## [DATA]

════════════════

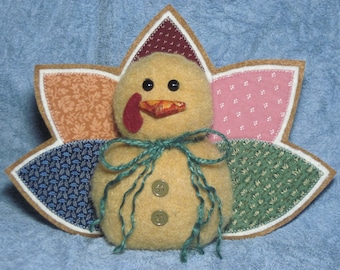 Puede incluir: Un pavo de peluche con un cuerpo marrón, tostado y blanco, una papada roja y un lazo verde. El pavo está sentado sobre un fondo de tela de retazos con un patrón marrón, rosa, verde y azul.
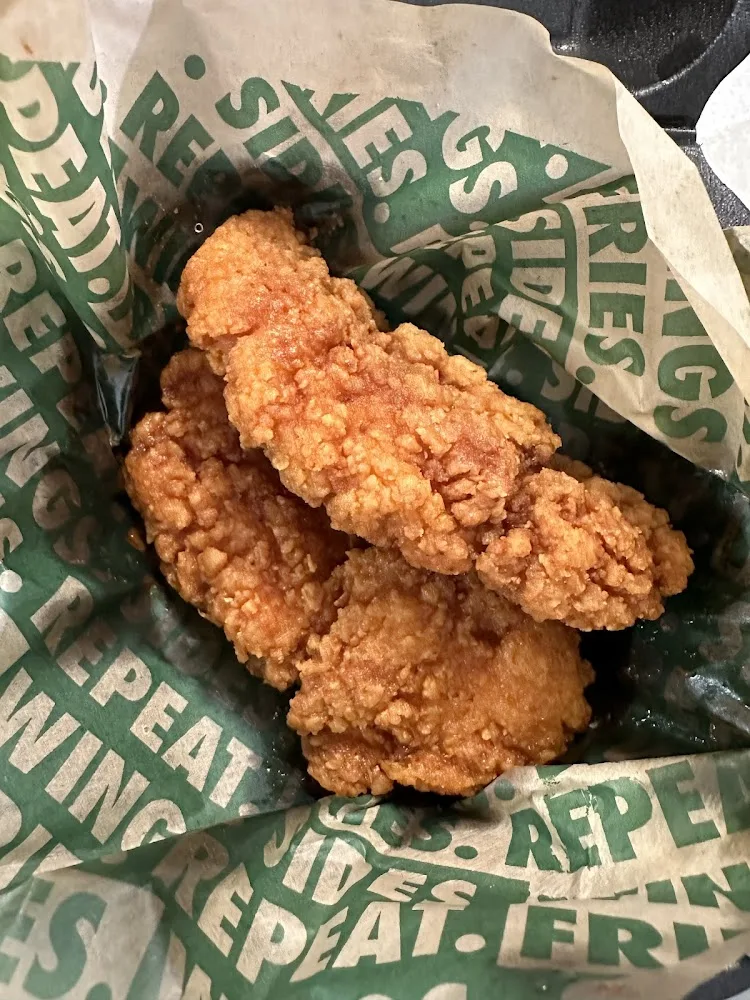 Wingstop food and storefront view at 8610 Mexico Rd in Ofallon, Missouri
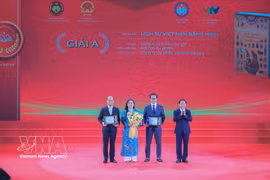 El miembro del Buró Político y jefe de la Comisión de Propaganda, Educación y Movilización de Masas del Comité Central del Partido Comunista de Vietnam, Trinh Van Quyet, entrega el premio A a los galardonados. (Fuente: VNA)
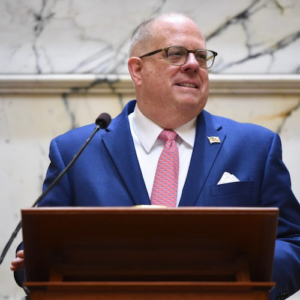 Governor Larry Hogan smiling, speaking behind a podium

════════════════

## [WHAT THE TASK REQUIRES]
Every line above should be printed again word for word, without its pictures.

## [TASK OUTPUT]
 Puede incluir: Un pavo de peluche con un cuerpo marrón, tostado y blanco, una papada roja y un lazo verde. El pavo está sentado sobre un fondo de tela de retazos con un patrón marrón, rosa, verde y azul.
 Wingstop food and storefront view at 8610 Mexico Rd in Ofallon, Missouri
 El miembro del Buró Político y jefe de la Comisión de Propaganda, Educación y Movilización de Masas del Comité Central del Partido Comunista de Vietnam, Trinh Van Quyet, entrega el premio A a los galardonados. (Fuente: VNA)
 Governor Larry Hogan smiling, speaking behind a podium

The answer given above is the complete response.